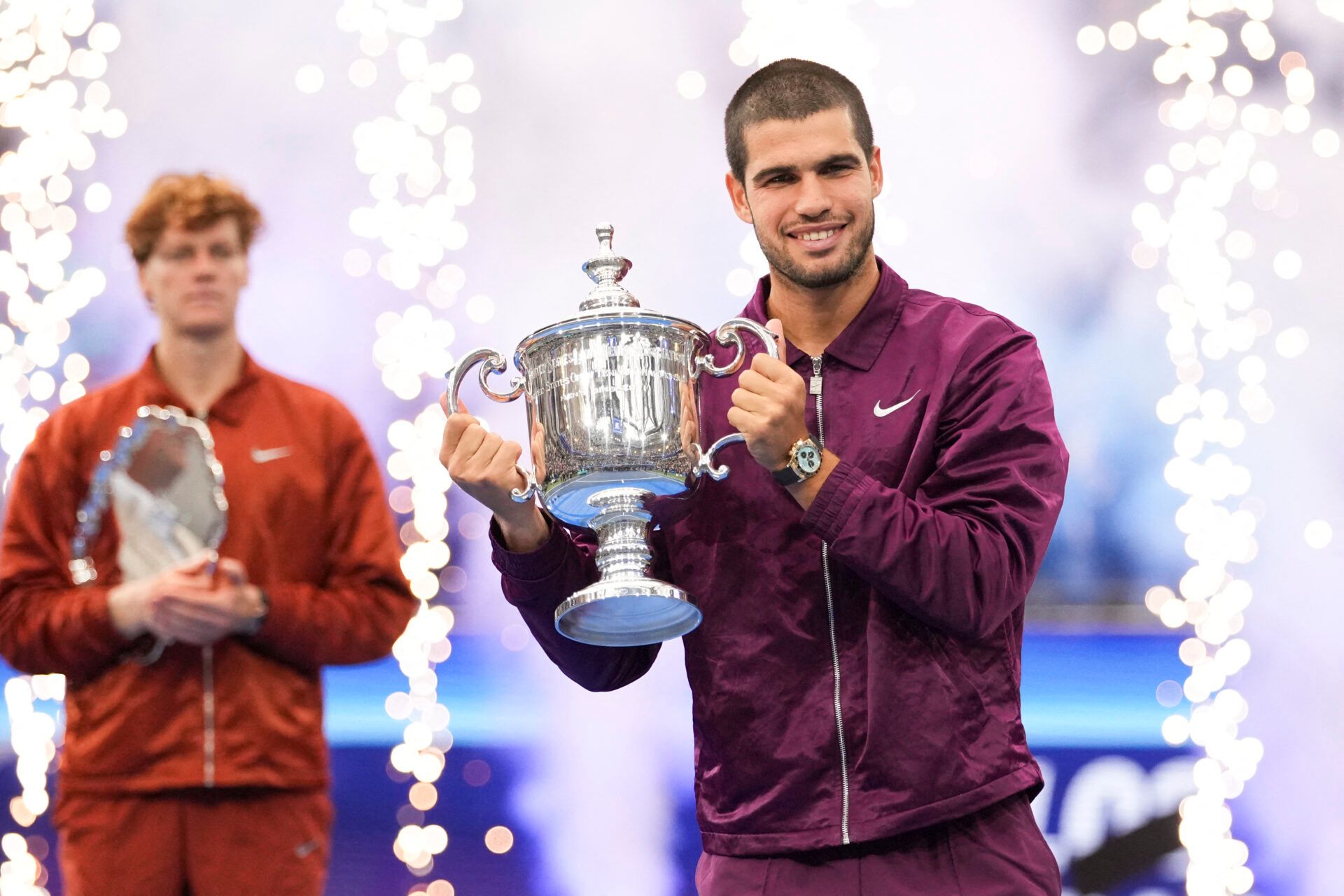 Carlos Alcaraz (ESP) holds the trophy after defeating Jannik Sinner (ITA) in the final of mens singles at Billie Jean King National Tennis Center.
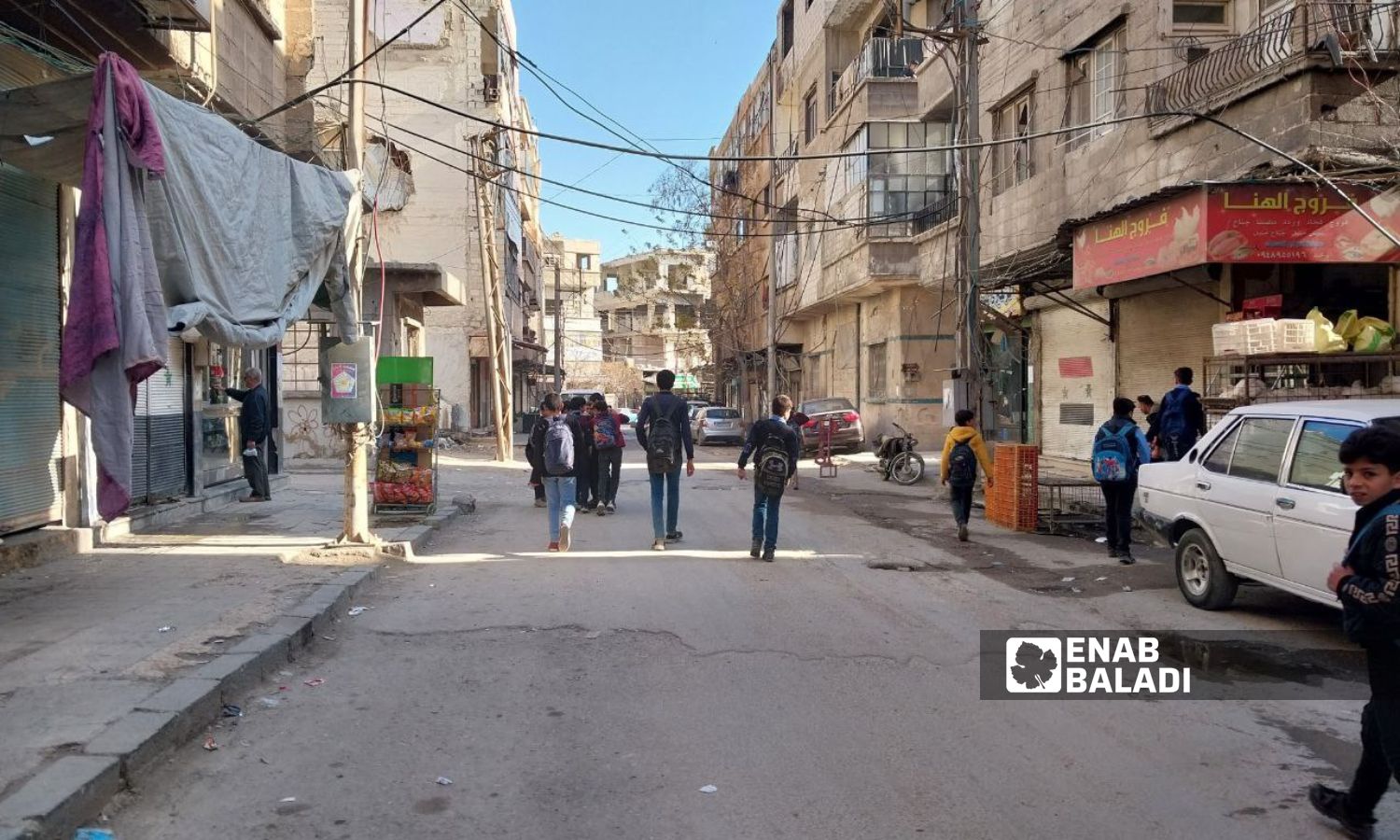 Children heading home after departing from school in Douma city - January 22, 2024 (Enab Baladi/Sarah al-Ahmad)
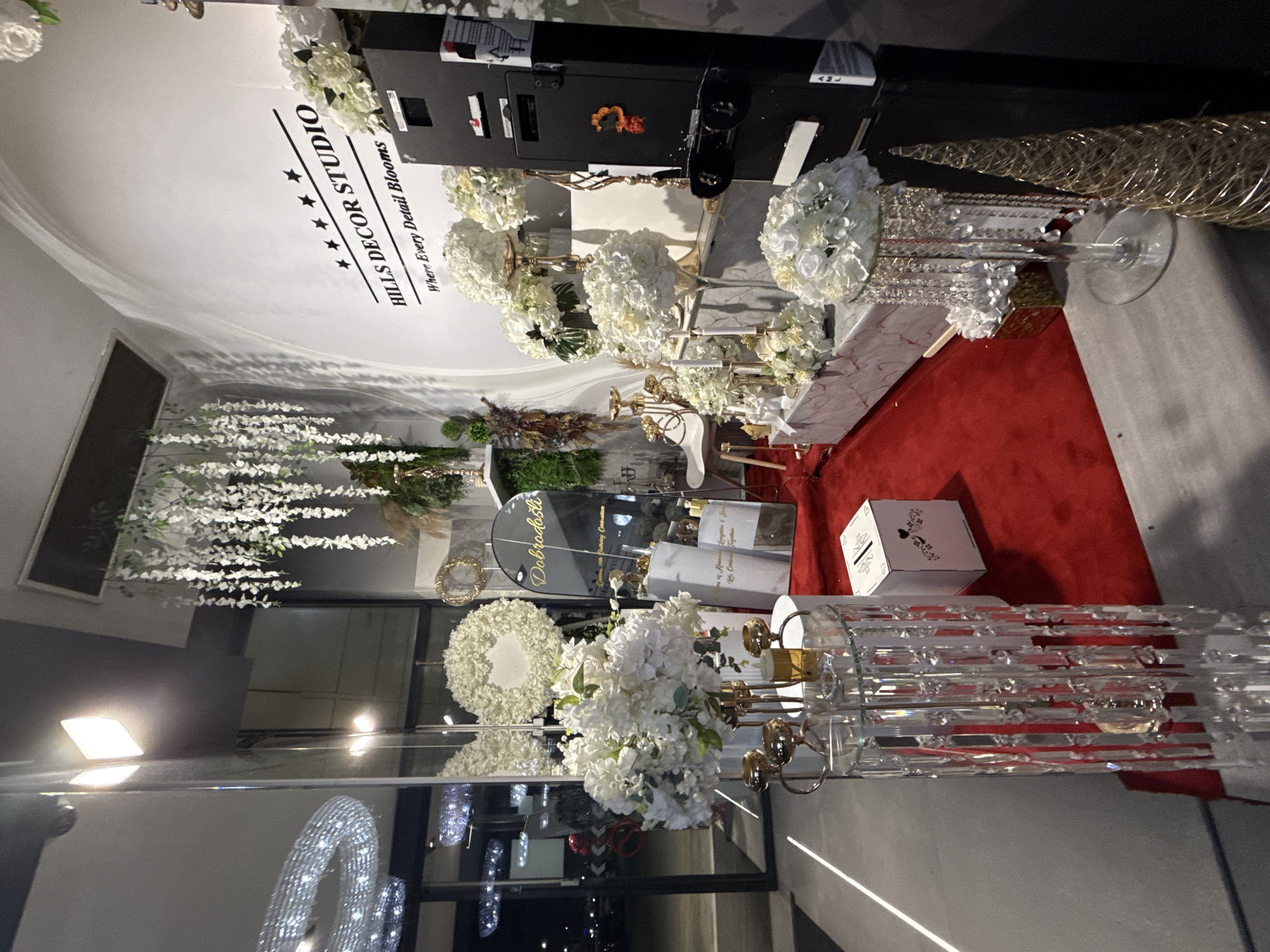 The image depicts the interior of a store, possibly a wedding or event decor studio, with a prominent sign on the wall reading "HILLS DECOR STUDIO Where Every Detail Blooms." The store is filled with white floral arrangements, crystal chandeliers, and decorative items, set against a white wall and a red carpet. In the foreground, a clear glass stand with hanging crystals holds a bouquet of white flowers. To the right, a tall black cabinet with several compartments is visible, and next to it is a golden, cone-shaped decorative object. The store appears to be located in Ilidža, Bosnia and Herzegovina, as suggested by a reflective surface displaying the word "Dobrodošli" (Welcome in Bosnian) and text referencing "Goran's 50th Birthday Celebration." No people are present in the image.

________________

In your answer, copy exactly the lines running from the line with "Children heading home" to the end of the material above, both included, and omit all pictures.

RESULT OF THE TASK:
 Children heading home after departing from school in Douma city - January 22, 2024 (Enab Baladi/Sarah al-Ahmad)
 The image depicts the interior of a store, possibly a wedding or event decor studio, with a prominent sign on the wall reading "HILLS DECOR STUDIO Where Every Detail Blooms." The store is filled with white floral arrangements, crystal chandeliers, and decorative items, set against a white wall and a red carpet. In the foreground, a clear glass stand with hanging crystals holds a bouquet of white flowers. To the right, a tall black cabinet with several compartments is visible, and next to it is a golden, cone-shaped decorative object. The store appears to be located in Ilidža, Bosnia and Herzegovina, as suggested by a reflective surface displaying the word "Dobrodošli" (Welcome in Bosnian) and text referencing "Goran's 50th Birthday Celebration." No people are present in the image.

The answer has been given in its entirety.